Беседы великих русских старцев. О Православной вере, спасении души и различных вопросах духовной жизни. — страница 129 из 204


* * *

Наконец старец говорит:

— Нет, хорошо, что вы приехали. Это — Божий Промысл. Оставайтесь здесь и пишите книгу.

Молчание. И вдруг лицо его загорается и делается строгим:

— Вы верите в Бога?

— Да.

— Вы хотите у меня исповедоваться?

— Да.

— Идите сейчас в церковь. Там идет повечерие, через пол­часа возвращайтесь ко мне на исповедь. Вы обедали?

Я ела в тот день скоромное.

Прихожу через полчаса. Я была в каком-то безконечном восторге. Я не знала, как сложатся мои отношения со стар­цем; я видела только необыкновенное обаяние этого челове­ка, и я узнала в нем того, кого видела во сне.
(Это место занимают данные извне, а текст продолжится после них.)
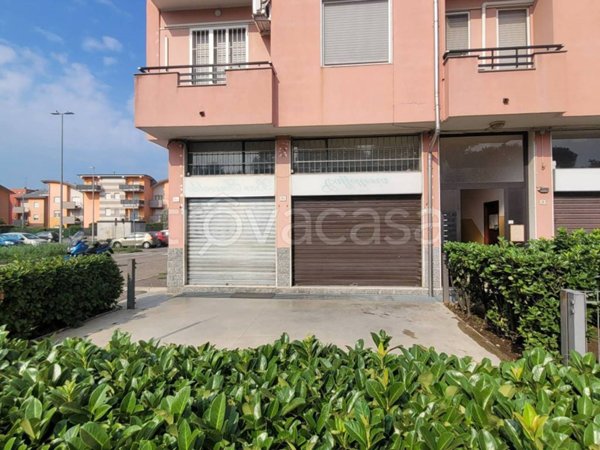 appartamento in vendita a Lainate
После исповеди он был очень ласков со мной и сказал (не помню: теперь или в конце исповеди) после долгого молчания:

— Да, грешна, но дух истинно христианский.
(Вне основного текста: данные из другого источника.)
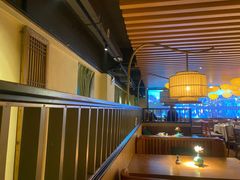 -沅江水·湖南家宴(南村万博长隆商圈店)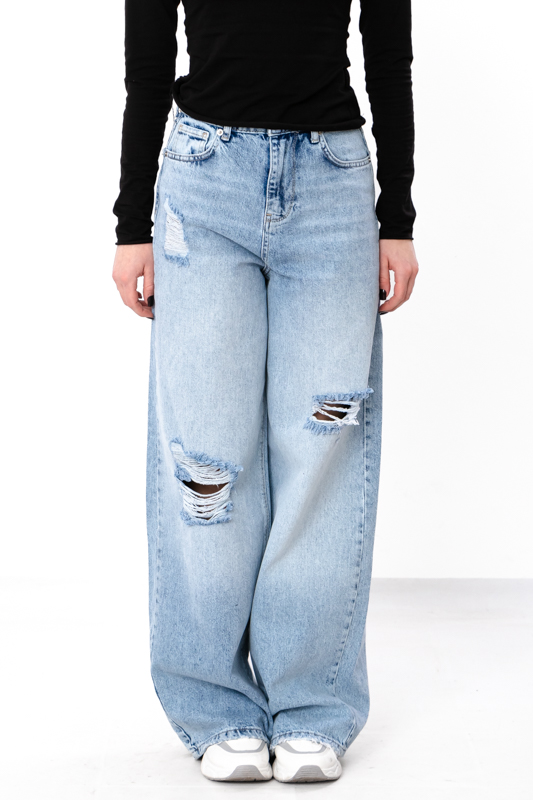 Джинси жіночі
...После я при всех сказала ему: «Простите меня».

Тогда он положил руку мне на голову и сказал три раза: «Все прощено».


* * *

Вся маленькая приемная его была залита послеобеденным солнцем, и в ней стояла чудная тишина. Я чувствовала, что погружаюсь в какую-то неизъяснимую радость.

Я осталась жить в Оптиной.


* * *

Некто Ф., бывшая курсистка математического факультета, пришла к отцу Нектарию и осталась там. Она с детства была ясновидящей; у них в семье наследственное ясновидение. Демонов она видела совершенно запросто, в любое время дня и ночи и в любой обстановке. Часто мы сидим с ней, а она говорит:

— Н., вот демон.

Я — в ужасе:

— Где?

— А вот там, — показывает.

Я — в панике, но с любопытством:

— А какой у него вид?

Облики демонов бывали разные — в виде рыбы, в виде кошки, в виде красной пьяной морды и так далее. Я пошла к батюшке и рассказала ему. Он в ответ:

— А ты не бойся.

Я и перестала бояться и с тех пор относилась к Ф-м виде­ниям спокойно. Мне самой нечистую силу пришлось видеть только раз за это время. Я сидела в хибарке — там, где икона «Достойно», — на ступеньках, ведущих в комнаты старца, спиной к его двери. Хибарка была полна. Никакого ожидания чего-либо сверхъестественного у меня не было, и время было не позднее — часов около шести вечера.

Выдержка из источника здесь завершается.